Now, if i consider $T: R^n → R^m$ where $m ≠ n$ then how to verify given transformation is one-to-one? 
Is I need to take the help of Rank nullity theorem? First I need to find $[T]$ i. e. Matrix representation of $T$ then, first I need to find $rank([T])$ and by using rank-nullity theorem,
$rank([T]) + nullity([T]) = n$
→ $nullity([T]) = n - rank([T])$
If $nullity([T]) = 0$ then $T$ is one-to-one transformations form $R^n$ to $R^m$
Is am i correct? If i am correct, i need reason behind this? Please I need help? 
 A: The first part of your post can be generalized by the following theorem.

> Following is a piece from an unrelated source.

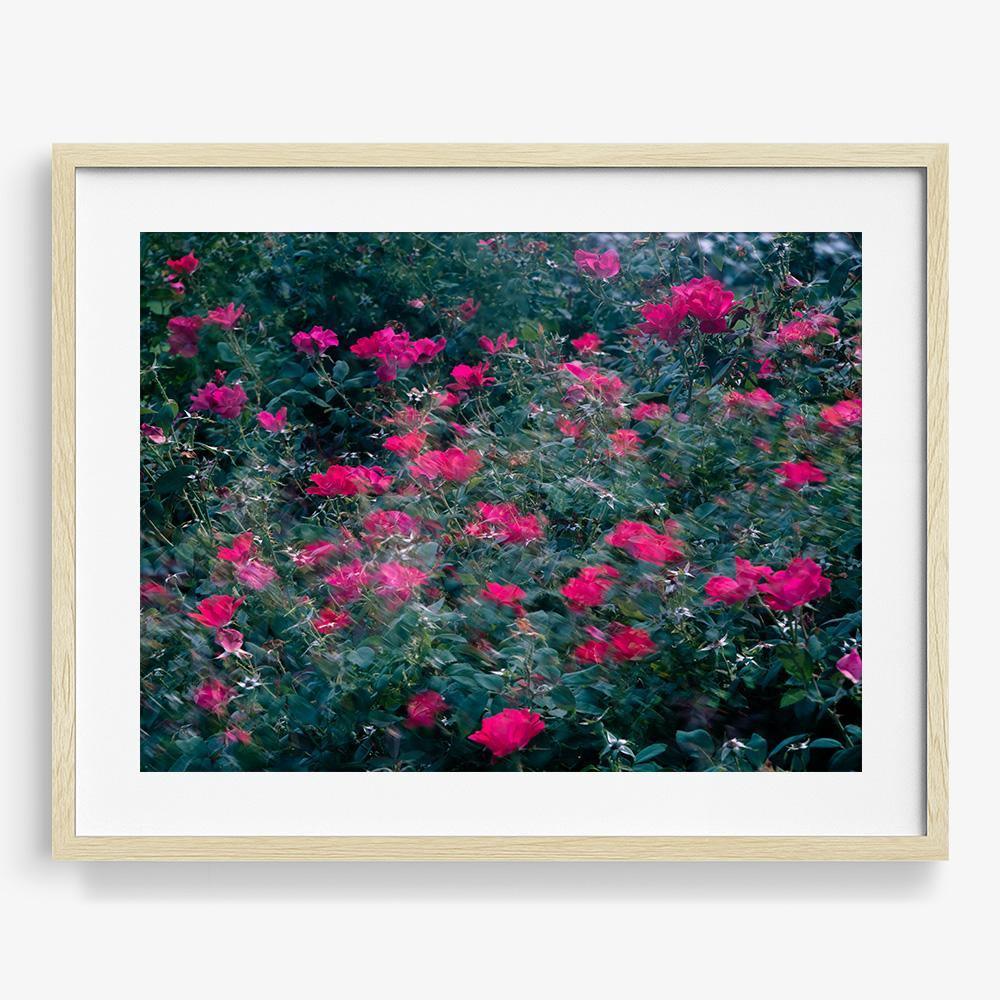Realized - Image 22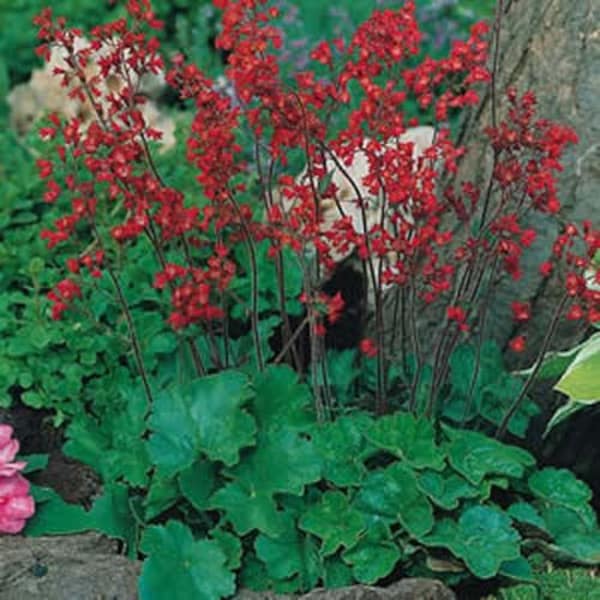 30+  HEUCHERA FIREFLY Coral Bells  Fragrant Shade Perennial Flower Seeds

Theorem: Let $V$ and $W$ be finite dimensional vector spaces with $dim(V)=dim(W)$ and let $T:V\to W$ be linear. Then the following are equivalent.
(1) $T$ is one-one.
(2) $T$ is onto.
(3) $Rank(T)=dim(V)$

Now coming to your question, "What happens when we have two Vector Spaces with unequal dimensions?When can we say a Linear Transformation between two such Vector Spaces is $one-one?$"
Well consider the following result,

Theorem: Let $V$ and $W$ be Vector Spaces and let $T:V\to W$ be linear. Then $T$ is $one-one$ $\iff Ker(T)=\{0\}$

Proof:
Let $T$ be $one-one$.
If $x\in Ker(T)$, then $T(x)=0=T(0)\implies x=0\;\;\;\;\;\;\;\text{[Since T is one-one]}$.
Thus $Ker(T)=\{0\}$
Conversely, let $Ker(T)=\{0\}$.
Consider, $T(x)=T(y)\implies T(x)-T(y)=0\implies T(x-y)=0 \implies x-y=0\implies x=y.$
Thus $T$ is $one-one.$
For computational purpose, we usually find the matrix of Linear Transformation and then perform the row reductions to obtain the nullity.
I would like to end the answer with the following question for you, "What guarantees the existence of such a matrix for each Linear Transformation? Or in other words can there be a Linear Transformation with no matrix representation?"